As in Basic, an AKS condition may have the value of true (T) or false (F). If the condition is true the operation is performed. An IF statement which only allowed you to say “IF T THEN ...” or “IF F THEN . . . ” would be useless. To be of use the condition must be allowed to be something which is evaluated to either T or F. At the simplest level this could be a flag variable. For example, a flag variable could be set aside to indicate whether or not the snake puzzle has been solved. AKS has flags called F0, F1, F2 . . . and so on. Supposing we have allocated F10 to represent the snake puzzle then we can write the condition as *F10. AKS initialises all flags to F at the start of a game. When the player solves the puzzle the scenario assigns the value T to F10. The AKS coding for the snake puzzle could be implemented by defining the appropriate location (18) as follows :

DATA L, 18
DATA D, *, You are in the Hall of the Mountain King.
DATA D, * F10, A large green snake bars your way ahead!
DATA T, release bird, *
DATA A, PR, The bird drives the snake away.
DATA A, AF, 10, T

When the player first arrives at this location he will be greeted by the following description:

You are in the Hall of the Mountain King.
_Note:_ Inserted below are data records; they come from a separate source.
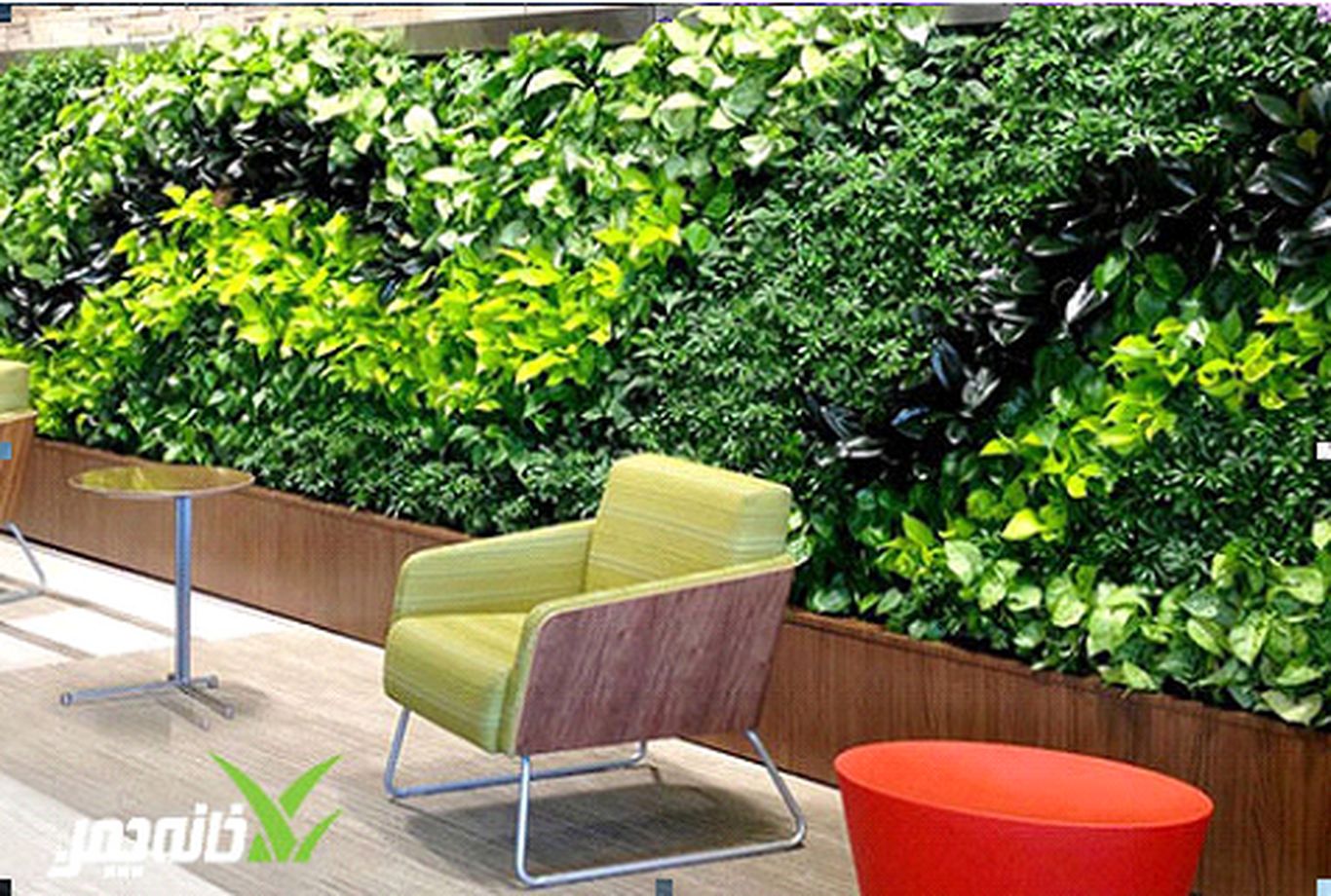ایده‌های جذاب برای زیباتر شدن خانه با دیوار سبز مصنوعی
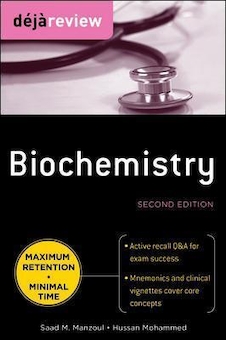 عکس Deja Review Biochemistry, Second Edition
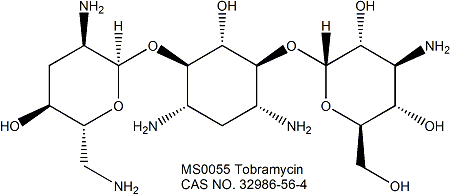 Tobramycin 妥布霉素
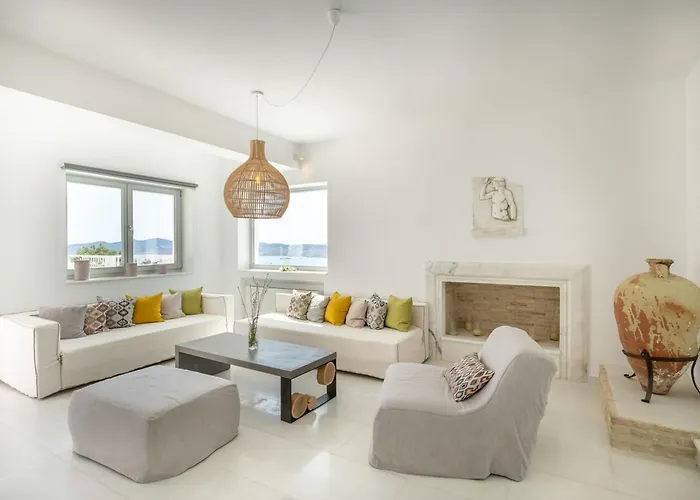 Luxury Aethra -island Living Paros- * Sotires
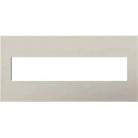 Legrand - adorne® Plastic Five-Gang Screwless Wall Plate - AWP5GGG1 | Montreal Lighting & Hardware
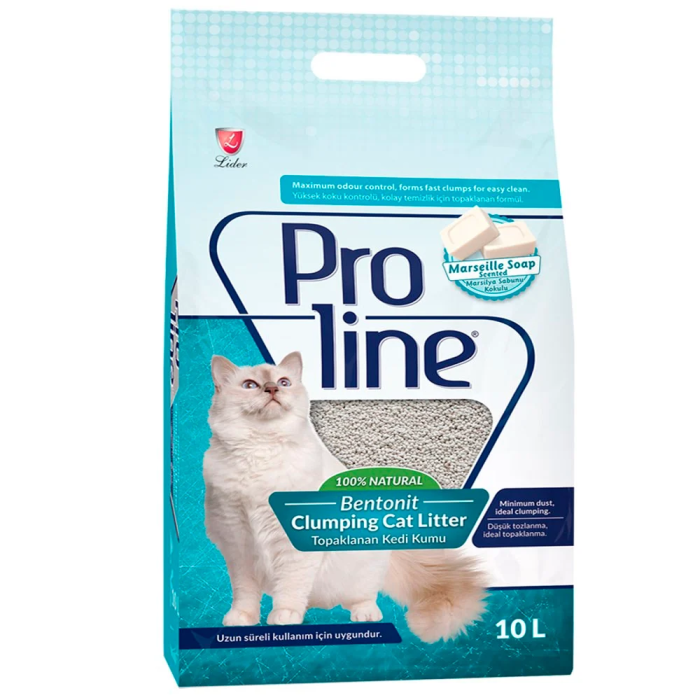 ProLine Marseille Soap kačių kraikas, 10 L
A large green snake bars your way ahead!

The player can now drive the snake away by entering the command "RELEASE BIRD” to which AKS will respond:

The bird drives the snake away.

The AssignFlag (AF) command then sets F10 to T indicating that the puzzle has been solved. Now the description of the location will appear as just:

You are in the Hall of the Mountain King.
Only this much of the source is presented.